[Start of section]

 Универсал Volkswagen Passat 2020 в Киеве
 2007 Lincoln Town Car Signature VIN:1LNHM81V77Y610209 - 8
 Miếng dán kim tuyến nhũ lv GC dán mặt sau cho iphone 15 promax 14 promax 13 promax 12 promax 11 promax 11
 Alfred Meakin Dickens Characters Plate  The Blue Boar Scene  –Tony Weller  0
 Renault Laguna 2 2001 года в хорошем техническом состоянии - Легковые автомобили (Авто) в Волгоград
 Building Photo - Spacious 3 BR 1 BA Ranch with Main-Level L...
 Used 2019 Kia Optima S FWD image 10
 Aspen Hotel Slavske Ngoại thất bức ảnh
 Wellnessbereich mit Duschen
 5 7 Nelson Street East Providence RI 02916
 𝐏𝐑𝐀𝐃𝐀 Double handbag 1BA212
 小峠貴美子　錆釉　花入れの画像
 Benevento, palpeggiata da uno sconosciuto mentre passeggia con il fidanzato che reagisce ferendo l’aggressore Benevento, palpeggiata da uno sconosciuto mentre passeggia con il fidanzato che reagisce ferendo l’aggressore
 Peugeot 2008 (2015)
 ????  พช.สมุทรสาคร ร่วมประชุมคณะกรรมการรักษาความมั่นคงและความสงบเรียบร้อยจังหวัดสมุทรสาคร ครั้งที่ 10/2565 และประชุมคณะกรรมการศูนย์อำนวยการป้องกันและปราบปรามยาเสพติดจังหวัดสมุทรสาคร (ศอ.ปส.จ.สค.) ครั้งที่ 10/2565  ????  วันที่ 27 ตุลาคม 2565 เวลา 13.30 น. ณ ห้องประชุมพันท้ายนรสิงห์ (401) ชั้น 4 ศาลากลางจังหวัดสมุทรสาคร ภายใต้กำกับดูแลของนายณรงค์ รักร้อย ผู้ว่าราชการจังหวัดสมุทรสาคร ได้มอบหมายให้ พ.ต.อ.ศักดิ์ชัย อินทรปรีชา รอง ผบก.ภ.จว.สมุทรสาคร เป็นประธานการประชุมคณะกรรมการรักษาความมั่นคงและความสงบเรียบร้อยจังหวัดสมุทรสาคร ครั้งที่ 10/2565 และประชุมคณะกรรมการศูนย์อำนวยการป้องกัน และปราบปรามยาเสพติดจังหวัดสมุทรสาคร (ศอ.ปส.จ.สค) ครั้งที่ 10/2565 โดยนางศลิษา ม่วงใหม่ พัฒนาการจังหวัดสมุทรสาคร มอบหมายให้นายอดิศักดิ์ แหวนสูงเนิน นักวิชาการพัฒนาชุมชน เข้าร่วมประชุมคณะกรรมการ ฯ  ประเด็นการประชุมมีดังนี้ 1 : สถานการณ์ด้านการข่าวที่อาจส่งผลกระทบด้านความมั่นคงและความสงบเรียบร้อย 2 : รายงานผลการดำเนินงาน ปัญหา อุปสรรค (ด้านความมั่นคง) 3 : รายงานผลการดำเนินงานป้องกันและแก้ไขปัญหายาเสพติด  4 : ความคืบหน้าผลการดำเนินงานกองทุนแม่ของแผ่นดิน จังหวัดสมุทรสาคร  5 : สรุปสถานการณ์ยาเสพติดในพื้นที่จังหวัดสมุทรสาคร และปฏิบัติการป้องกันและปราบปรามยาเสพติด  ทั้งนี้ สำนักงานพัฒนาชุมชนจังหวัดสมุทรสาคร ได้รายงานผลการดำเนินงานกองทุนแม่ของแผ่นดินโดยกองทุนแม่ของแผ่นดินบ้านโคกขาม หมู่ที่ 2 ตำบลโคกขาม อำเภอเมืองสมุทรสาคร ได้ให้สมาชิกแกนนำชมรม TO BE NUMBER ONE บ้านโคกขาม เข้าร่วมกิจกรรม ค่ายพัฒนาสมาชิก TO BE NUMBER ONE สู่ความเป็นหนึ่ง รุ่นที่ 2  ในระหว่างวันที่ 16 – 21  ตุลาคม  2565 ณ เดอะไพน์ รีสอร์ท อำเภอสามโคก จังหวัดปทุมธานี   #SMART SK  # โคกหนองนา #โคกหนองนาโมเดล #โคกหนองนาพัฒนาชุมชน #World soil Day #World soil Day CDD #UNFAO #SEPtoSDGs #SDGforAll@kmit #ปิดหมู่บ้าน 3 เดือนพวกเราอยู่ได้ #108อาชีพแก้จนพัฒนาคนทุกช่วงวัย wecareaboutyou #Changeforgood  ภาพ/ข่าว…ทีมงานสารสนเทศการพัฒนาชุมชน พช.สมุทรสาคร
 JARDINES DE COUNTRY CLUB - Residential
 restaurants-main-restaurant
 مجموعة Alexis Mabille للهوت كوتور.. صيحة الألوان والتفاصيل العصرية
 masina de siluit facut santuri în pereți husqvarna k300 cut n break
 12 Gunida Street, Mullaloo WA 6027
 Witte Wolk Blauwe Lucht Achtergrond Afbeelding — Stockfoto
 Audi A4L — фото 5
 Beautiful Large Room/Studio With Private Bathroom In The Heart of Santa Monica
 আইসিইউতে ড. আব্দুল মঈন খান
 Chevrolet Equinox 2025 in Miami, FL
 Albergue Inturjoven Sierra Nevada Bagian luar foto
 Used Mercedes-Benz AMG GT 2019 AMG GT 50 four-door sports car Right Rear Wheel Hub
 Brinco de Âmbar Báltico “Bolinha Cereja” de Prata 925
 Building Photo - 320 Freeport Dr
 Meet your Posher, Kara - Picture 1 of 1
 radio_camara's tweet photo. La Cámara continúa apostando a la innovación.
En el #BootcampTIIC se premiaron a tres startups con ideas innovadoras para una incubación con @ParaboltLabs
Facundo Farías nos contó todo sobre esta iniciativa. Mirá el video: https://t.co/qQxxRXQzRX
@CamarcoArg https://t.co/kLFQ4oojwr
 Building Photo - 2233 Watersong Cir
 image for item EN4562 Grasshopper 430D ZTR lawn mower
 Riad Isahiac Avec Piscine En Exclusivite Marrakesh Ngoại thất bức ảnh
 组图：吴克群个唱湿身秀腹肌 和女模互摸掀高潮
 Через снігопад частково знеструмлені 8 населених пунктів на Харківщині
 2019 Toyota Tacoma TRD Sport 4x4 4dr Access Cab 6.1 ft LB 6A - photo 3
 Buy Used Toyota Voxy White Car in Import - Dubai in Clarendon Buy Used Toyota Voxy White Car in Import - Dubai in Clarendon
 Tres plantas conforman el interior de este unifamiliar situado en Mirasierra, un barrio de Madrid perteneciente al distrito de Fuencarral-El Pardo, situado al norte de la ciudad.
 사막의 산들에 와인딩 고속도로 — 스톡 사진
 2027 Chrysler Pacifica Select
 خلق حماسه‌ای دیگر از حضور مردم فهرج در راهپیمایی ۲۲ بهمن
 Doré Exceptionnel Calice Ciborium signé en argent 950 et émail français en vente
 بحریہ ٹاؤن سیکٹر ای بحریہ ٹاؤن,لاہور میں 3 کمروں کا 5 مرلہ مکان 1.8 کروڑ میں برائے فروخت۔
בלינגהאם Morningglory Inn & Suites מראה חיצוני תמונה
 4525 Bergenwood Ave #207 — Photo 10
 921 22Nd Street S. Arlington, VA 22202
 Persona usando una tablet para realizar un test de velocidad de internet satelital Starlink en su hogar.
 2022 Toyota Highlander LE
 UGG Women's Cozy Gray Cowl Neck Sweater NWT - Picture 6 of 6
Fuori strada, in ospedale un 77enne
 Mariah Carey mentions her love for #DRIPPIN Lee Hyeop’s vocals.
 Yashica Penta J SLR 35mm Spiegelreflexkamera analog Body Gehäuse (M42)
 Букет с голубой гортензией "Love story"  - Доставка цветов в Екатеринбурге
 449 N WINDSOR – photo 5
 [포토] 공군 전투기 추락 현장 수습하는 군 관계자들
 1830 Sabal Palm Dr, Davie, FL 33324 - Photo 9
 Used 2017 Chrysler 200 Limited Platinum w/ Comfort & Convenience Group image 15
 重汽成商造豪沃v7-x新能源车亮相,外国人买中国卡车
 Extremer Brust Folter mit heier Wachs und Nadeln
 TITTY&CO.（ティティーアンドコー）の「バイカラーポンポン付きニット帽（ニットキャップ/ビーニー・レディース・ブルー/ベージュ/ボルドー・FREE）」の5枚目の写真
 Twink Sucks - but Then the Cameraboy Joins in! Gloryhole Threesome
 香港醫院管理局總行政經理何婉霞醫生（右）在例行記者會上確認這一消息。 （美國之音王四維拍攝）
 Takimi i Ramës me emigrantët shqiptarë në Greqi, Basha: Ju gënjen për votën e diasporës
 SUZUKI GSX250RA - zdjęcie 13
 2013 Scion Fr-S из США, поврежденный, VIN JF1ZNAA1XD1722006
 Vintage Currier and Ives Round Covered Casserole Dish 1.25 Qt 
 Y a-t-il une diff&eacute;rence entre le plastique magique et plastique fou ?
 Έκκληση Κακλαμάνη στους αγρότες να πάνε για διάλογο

[End of section]

▸ WHAT YOU HAVE TO DO: Above are records; repeat only the lines starting at the line with "En el #BootcampTIIC" and ending at the line with "2019 Toyota Tacoma", exactly as they appear, both included.

▸ TASK ANSWER:
En el #BootcampTIIC se premiaron a tres startups con ideas innovadoras para una incubación con @ParaboltLabs
Facundo Farías nos contó todo sobre esta iniciativa. Mirá el video: https://t.co/qQxxRXQzRX
@CamarcoArg https://t.co/kLFQ4oojwr
 Building Photo - 2233 Watersong Cir
 image for item EN4562 Grasshopper 430D ZTR lawn mower
 Riad Isahiac Avec Piscine En Exclusivite Marrakesh Ngoại thất bức ảnh
 组图：吴克群个唱湿身秀腹肌 和女模互摸掀高潮
 Через снігопад частково знеструмлені 8 населених пунктів на Харківщині
 2019 Toyota Tacoma TRD Sport 4x4 4dr Access Cab 6.1 ft LB 6A - photo 3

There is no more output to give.